TASK PROMPT.
Leave out the images and output the records word for word.

(Image-text web data)
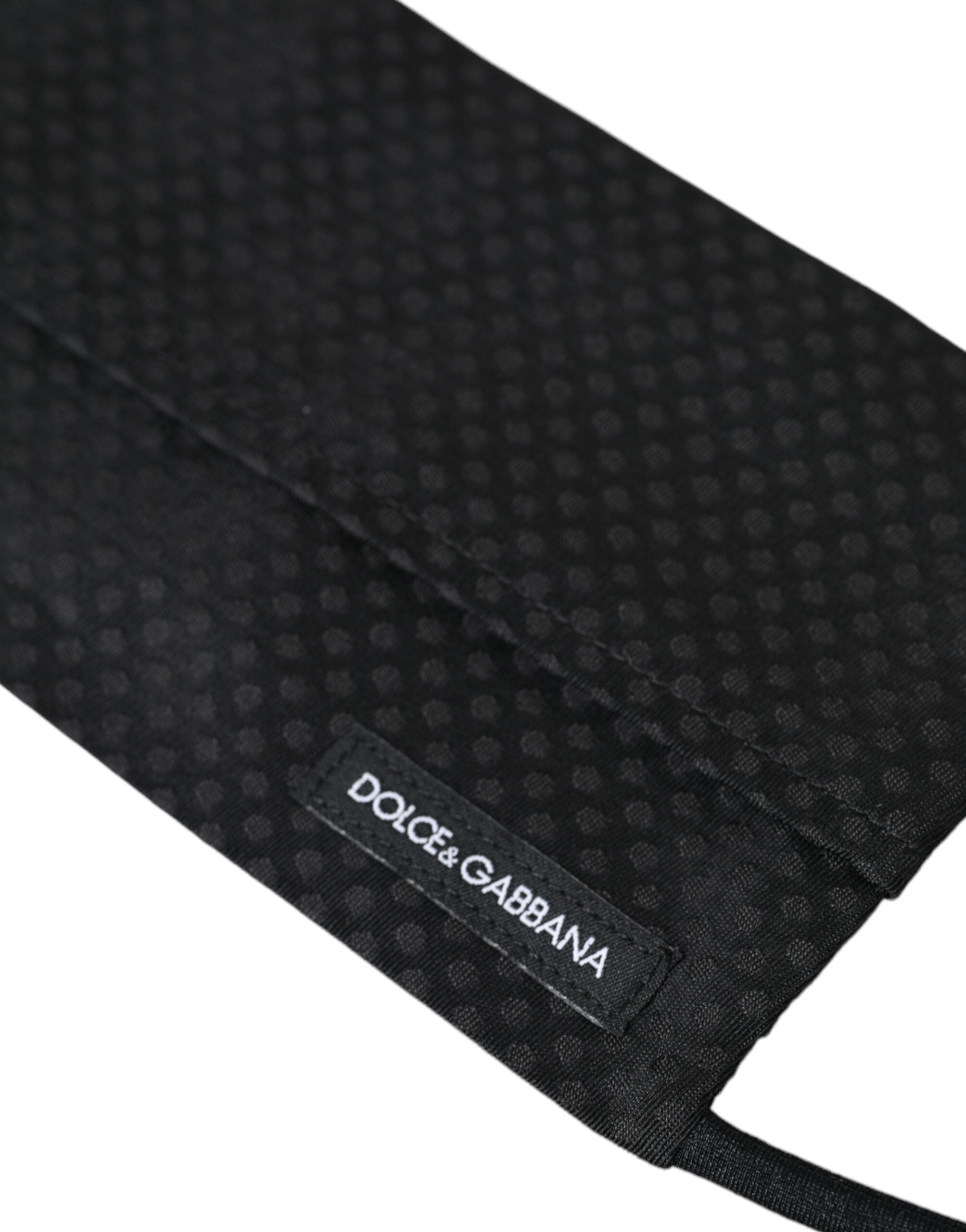 Black 100% silk adjustable necktie face mask by Dolce & Gabbana, featuring smooth silk fabric and adjustable straps.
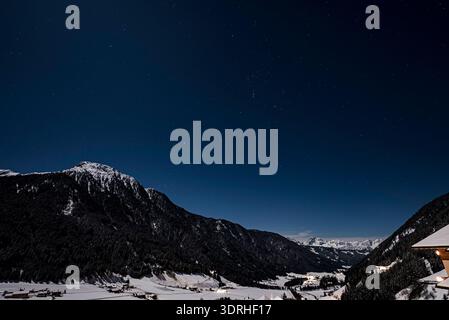 Le moment où la voie lactée et la lune se sont couchées sur un village des Alpes. Banque D'Images
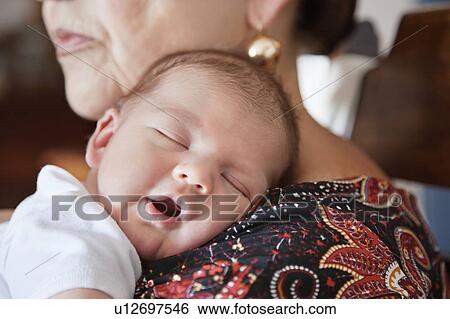 Baby asleep on grandmothers shoulder View Large Photo Image Stock Photograph - Baby asleep on grandmothers shoulder. Fotosearch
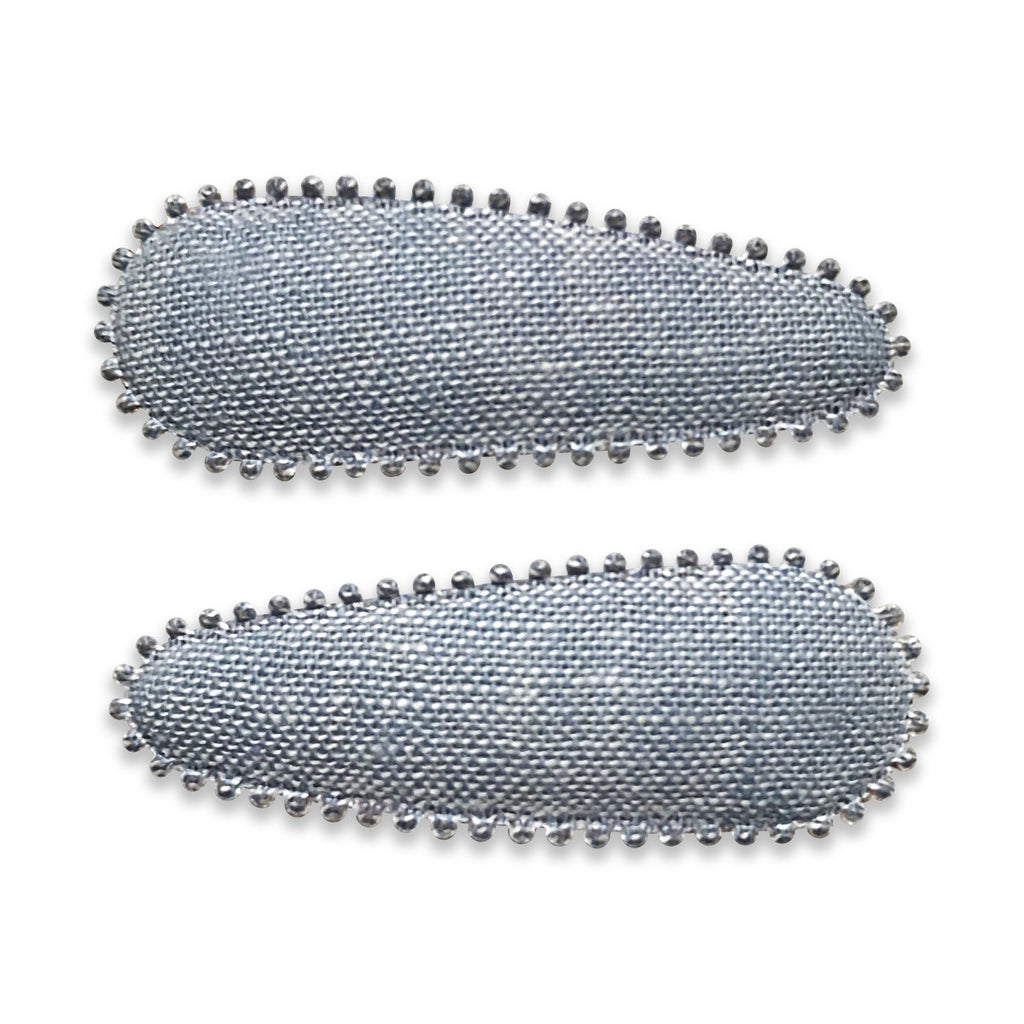 US stockist of Josie Joan's Xanthe fabric hair clips.  Comes in a set of two. Grey/Blue fabric with scalloped edge finish.
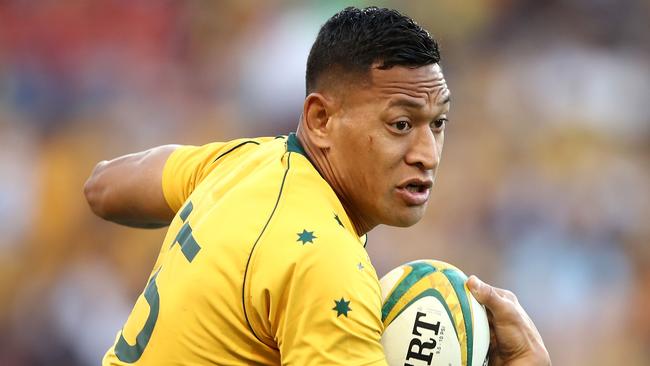 BRISBANE, AUSTRALIA - JUNE 24:  Israel Folau of the Wallabies is tackled during the International Test match between the Australian Wallabies and Italy at Suncorp Stadium on June 24, 2017 in Brisbane, Australia.  (Photo by Mark Kolbe/Getty Images)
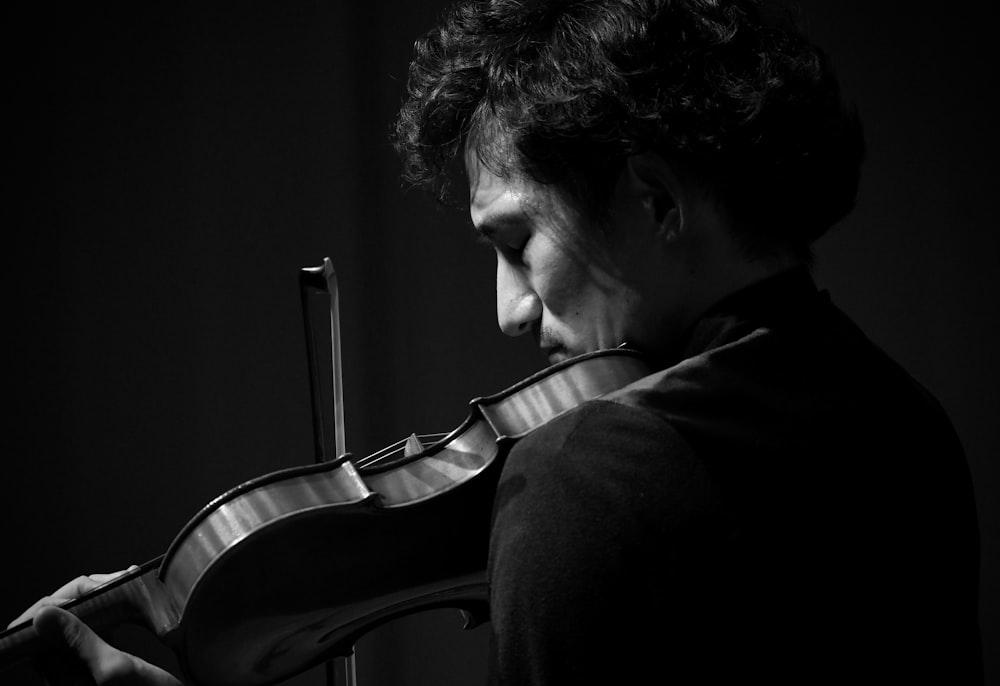 man playing violin in grayscale photography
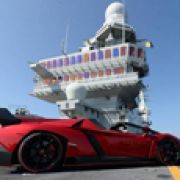 Lamboghini Veneno Roadster makes public debut aboard aircraft carrier image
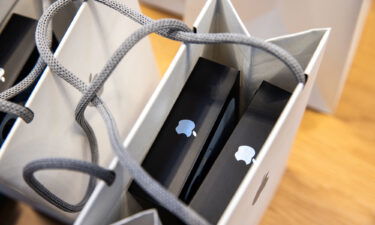 Apple iPhone 13 Pro smartphones inside a shopping bag at an Apple store in New York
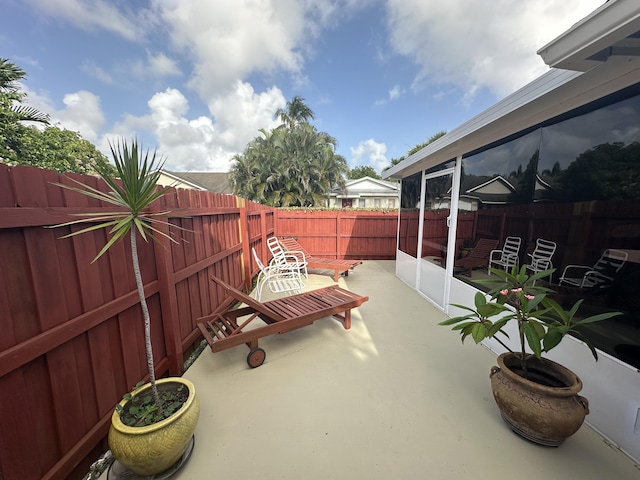 4634 Pine Grove Dr, Delray Beach, FL 33445 - view of patio featuring a fenced backyard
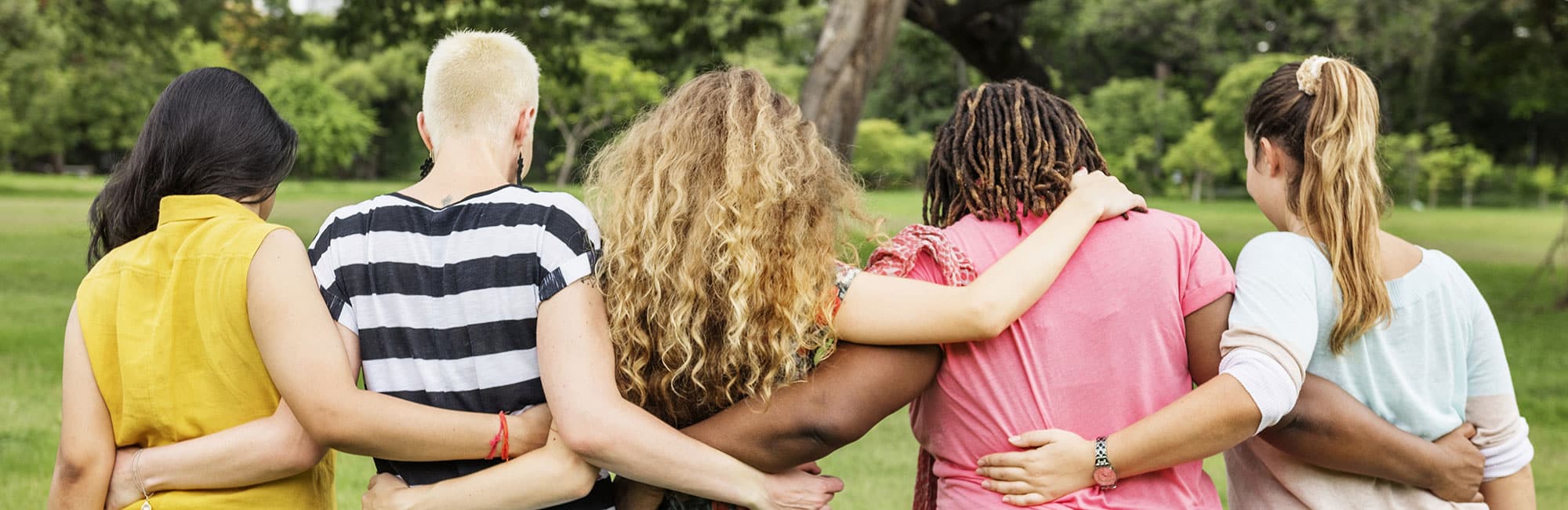 the backs of five women, brightly dressed, supporting each other in a drug and alcohol rehab for women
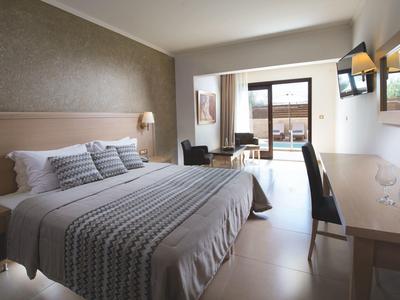 Habitación de hotel luminosa con cama grande, escritorio, silla y terraza con vista al mar.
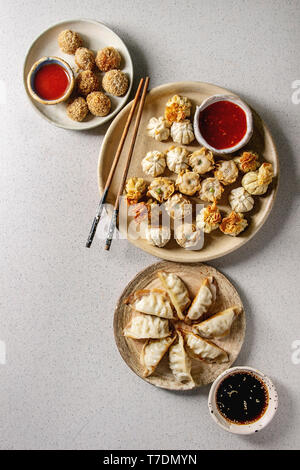 Dim sum Gyozas asiatici gnocco fritto parte insieme con una varietà di salse servito in piatti di ceramica e ciotole con bacchette su grigio Sfondo maculato. Foto Stock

RESULT OF THIS EXERCISE.
 Black 100% silk adjustable necktie face mask by Dolce & Gabbana, featuring smooth silk fabric and adjustable straps.
 Le moment où la voie lactée et la lune se sont couchées sur un village des Alpes. Banque D'Images
 Baby asleep on grandmothers shoulder View Large Photo Image Stock Photograph - Baby asleep on grandmothers shoulder. Fotosearch
 US stockist of Josie Joan's Xanthe fabric hair clips.  Comes in a set of two. Grey/Blue fabric with scalloped edge finish.
 BRISBANE, AUSTRALIA - JUNE 24:  Israel Folau of the Wallabies is tackled during the International Test match between the Australian Wallabies and Italy at Suncorp Stadium on June 24, 2017 in Brisbane, Australia.  (Photo by Mark Kolbe/Getty Images)
 man playing violin in grayscale photography
 Lamboghini Veneno Roadster makes public debut aboard aircraft carrier image
 Apple iPhone 13 Pro smartphones inside a shopping bag at an Apple store in New York
 4634 Pine Grove Dr, Delray Beach, FL 33445 - view of patio featuring a fenced backyard
 the backs of five women, brightly dressed, supporting each other in a drug and alcohol rehab for women
 Habitación de hotel luminosa con cama grande, escritorio, silla y terraza con vista al mar.
 Dim sum Gyozas asiatici gnocco fritto parte insieme con una varietà di salse servito in piatti di ceramica e ciotole con bacchette su grigio Sfondo maculato. Foto Stock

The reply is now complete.